Most of my work related to database management has been in the construction, cleaning and new feature creation of large databases. One of the most challenging projects was in the creation of a large American wine industry organizational database.
This project was particularly challenging because all of the original data existed in pdf format. In addition, the researcher (Heather Haveman of UC Berkeley’s Haas School of Business and Sociology departments ) wanted the entire dataset, including names of the owners and employees of each winery, converted into a time-series database. The years included in the database were from 1940 through 2006.
The database construction for these types of projects is typically done through a labor-intensive, manual data-input process. I approached the project by proposing and then implementing an innovative and more efficient semi-automatic process using Python and optical character recognition software.
The steps I implement to construct the database are explained below:
1. Optical Character Recognition
Optical character recognition software (OCR) converted the wine industry data pdf file into text format. The text from the OCR was unstructured and untagged, and often contained a lot of noise. I wrote a program to convert the text from this unstructured format into a structured format identical to what existed in the pdf file. I implemented this step for downstream quality control tests.
2. Automatic Parsing and Feature Generation
A program was written to automatically parse the structured text and export it into csv format. I created two dataset – an organizational and personnel dataset for each winery. The personnel dataset included winery, year, name of the person and title. I used Python dictionaries to automatically add a binary variable for gender (male or female).

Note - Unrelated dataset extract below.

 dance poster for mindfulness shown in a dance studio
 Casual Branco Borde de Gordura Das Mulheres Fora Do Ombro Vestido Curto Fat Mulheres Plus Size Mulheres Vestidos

The organizational dataset contained such variables as winery name, address, type of wines produced, storage capacity, etc. I also added a location feature by writing a program that automatically added the geographic coordinate system (latitude and longitude) for each winery based on their address.
3. Quality Control
To ensure the program converted the pdf files accurately, I took a random sample of the 30 wineries in the csv files and compared the data in the original pdf file. I made corrections to the program when necessary. I also investigated and corrected the program for producing missing data.